- Born: 4 March 1741 Alicante, Spain
- Died: 7 December 1819 (aged 78) Cádiz, Spain
- Conflicts: American Revolutionary War Anglo-Spanish War (1779–1783); Great Siege of Gibraltar; Invasion of Minorca; ; War of the Oranges; Peninsular War;

= Domingo Belestá =

Spanish military officer

Domingo Belestá y Pared (Alicante, 4 March 1741 – Cádiz, 7 December 1819) was a Spanish military engineer who served in the American Revolutionary, French Revolutionary and Peninsular wars. His surname also appears in the literature of the Peninsular War misspelt as Bellesta or Ballesta.

After enlisting as a Cadet in 1761 in Spain's Regimiento de Infantería de Flandes, where he was promoted to second lieutenant, in 1765 Belestá went on to study Mathematics at Spain's military engineering school, the Real Academia Militar de Matemáticas y Fortificación, in Barcelona. Promoted to captain in 1778, he stayed on at the Academy, where he taught Drawing, until 1781.

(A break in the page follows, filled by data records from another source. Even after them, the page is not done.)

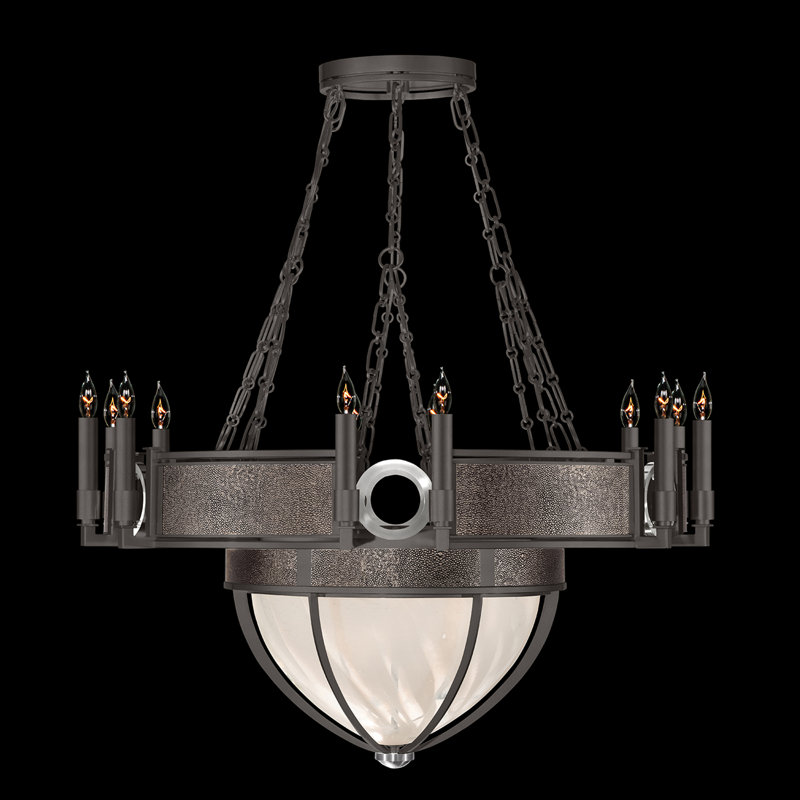 Lustre rond l 35,75 po Mirage, Galet / nickel / acier de minuit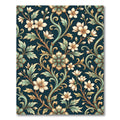 Elegant Dark Teal Floral Scroll Tapestry Rug
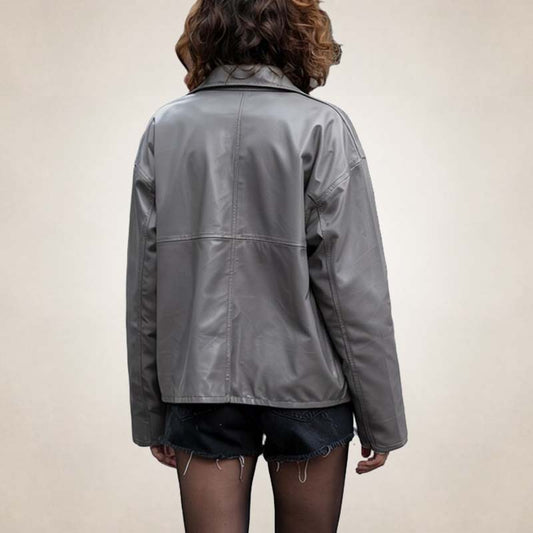 women's gray leather bomber jacket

==American Revolutionary War==
During the Anglo-Spanish War (1779–1783), part of the American Revolutionary War, Belestá participated at the siege of St. Philip's Castle, in Menorca, under the orders of the Duke of Crillon and from there went on to the Great Siege of Gibraltar. At the conclusion of the siege, Belestá was promoted to lieutenant-colonel in 1783 and was sent to supervise the construction of the roads from Málaga to Velez and to Antequera, as well as working on the San Telmo Aqueduct then being constructed in Málaga. Around that time he was also involved in the construction of the Explanada Boulevard in Barcelona, the ongoing works on one of the three branches of the Canal de Castilla, and works on the port at Melilla, among other projects.

==Inter-war years==
At the behest of General Melville, the Society of Antiquaries of London requested the Real Academia de la Historia to find the exact location of the legendary Battle of Munda, for which, in 1791, Belestá was commissioned to lead the first field trip ever carried out in Spain to that end. Although he was unable to reach a conclusion as to its exact whereabouts, he was able to refute the traditional belief that the battle had been fought at Monda, in Málaga.

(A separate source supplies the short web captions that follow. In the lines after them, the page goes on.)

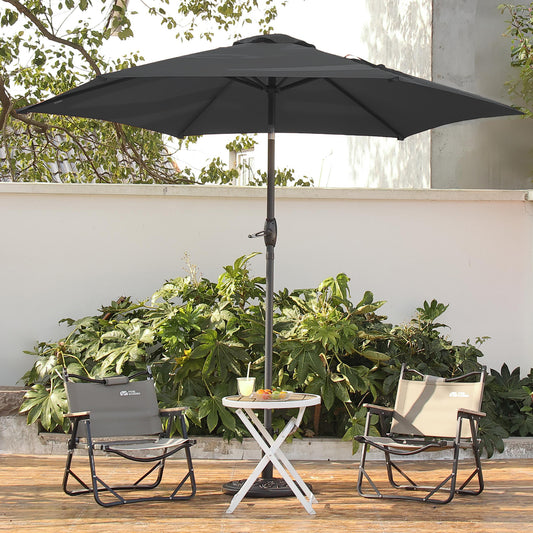Autlaycil 9ft Black Outdoor Patio Umbrellas, Sturdy Ribs with Tilt and Crank for Table Garden Market and Poolside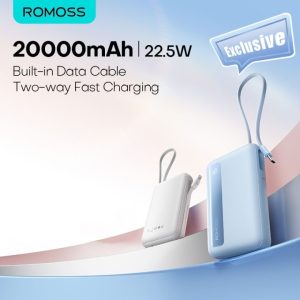 Pin dự phòng Romoss PPR20 20.000mAh sạc nhanh 22.5w ( bị xước vỏ, không hộp ) có CCC - ko BH cáp
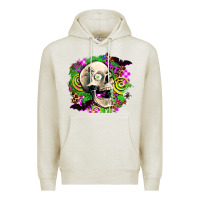 Oatmeal Heather halloween skull Premium Hoodie - AdoDesignShop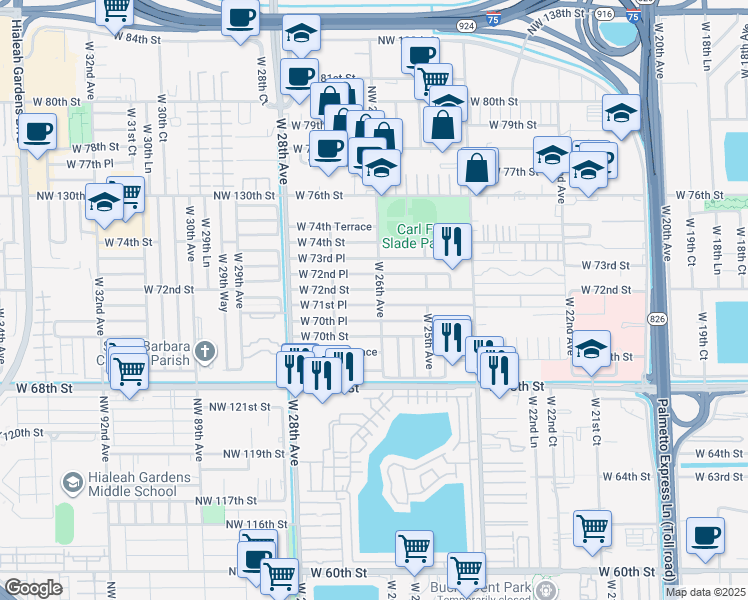 map of restaurants, bars, coffee shops, grocery stores, and more near 2589 West 70th Place in Hialeah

Promoted to colonel in 1794, he was appointed director of the Real Academia he had studied at in Barcelona. He held the post until its closure in 1802 and transferred to Madrid. During that time he was also promoted to Chief Engineer (1797) and later, in 1801, during the War of the Oranges, he was sent to participate in the siege at Elvas.

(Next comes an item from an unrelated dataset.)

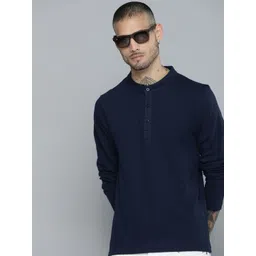 Moda Rapido Men Solid Mandarin Collar Cotton T-shirt-picture-30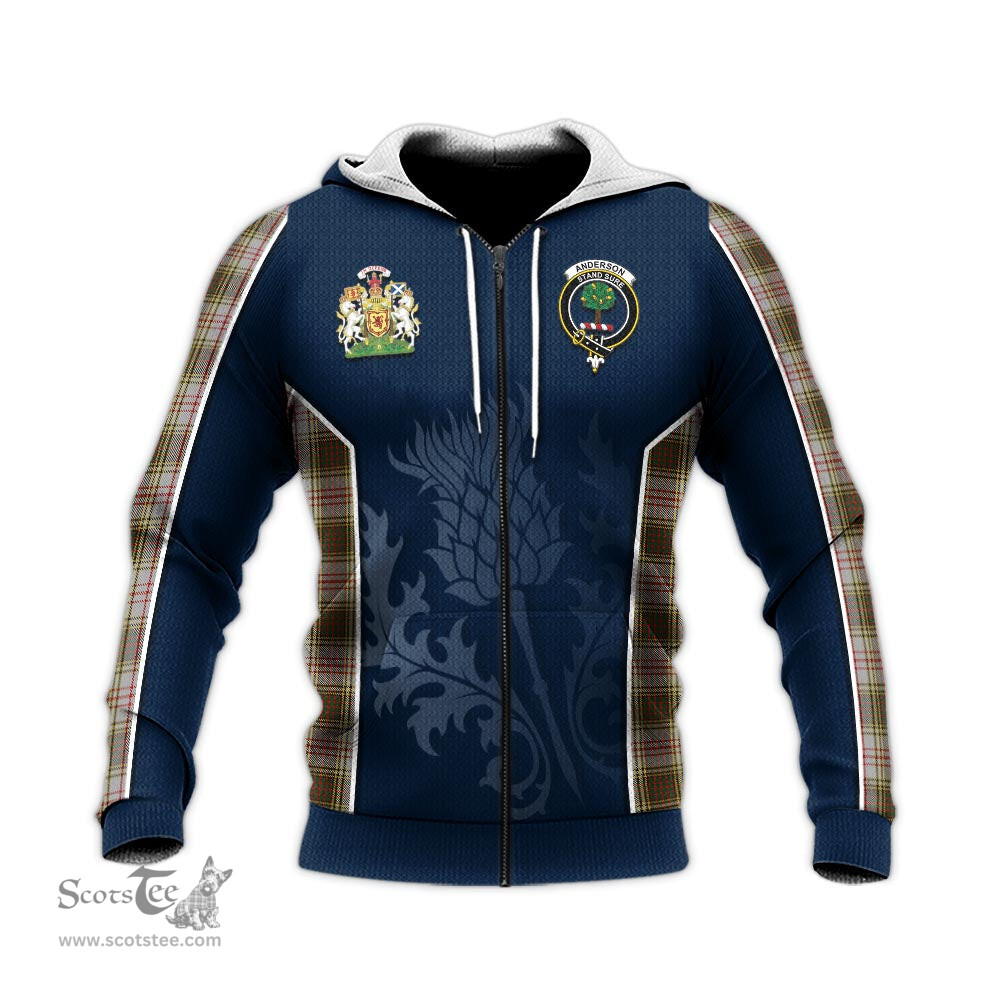 ScotsTee Shop Scottish Anderson Dress Clan Scottish Crest and Scottish Thistle Sport Tartan Hoodie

In 1802 he was put in charge of the restoration works of Barcelona's royal palace, the Palau Reial Major, and later that year he was given the command of the fortifications along the borders of Old Castile in the province of Zamora.

==Peninsular War==
In 1808, now a field marshal, Belestá was the chief of staff of the Spanish forces sent, together with General Junot's Army of Portugal, to occupy Portugal. Following the sudden death of General Taranco at the beginning of the year, Belestá took command of the latter's headquarters at Porto, However, when, on 6 June 1808, the news of the uprising in Madrid and the subsequent revolt in La Coruña and elsewhere in Spain, reached Belestá, he arrested the French governor, General of Division Quesnel, together with his 75-man escort. After proclaiming the independence of Portugal, Belestá then marched the 6,000 troops of Taranco's Division, plus his prisoners, back north to Galicia to join the Spanish forces fighting the French.

Taken prisoner by Marshal of the Empire Soult's French forces at La Coruña, in January 1809, Belestá managed to escape and reported for duty to the Marquis of La Romana, whose 9,000-strong division had disembarked at Santander towards the end of the previous year and had been incorporated into Blakes's Army of Galicia which, itself, would later be incorporated under La Romana's future Army of the Left, and had worked its way towards La Coruña as the rearguard of General Moore's retreat to La Coruña. However, on 27 October 1810, Belestá was sentenced to six months' duties without command before being re-instated to his previous rank of field marshal and transferred to Spain's Army of Catalonia. However, before he take up his post, he was appointed Director of Engineers in Andalucía, based in Granada. In May 1814 he supported that city's uprising in favour of Fernando VII as an absolute monarch.

==Death==
Belestá died of yellow fever in 1819.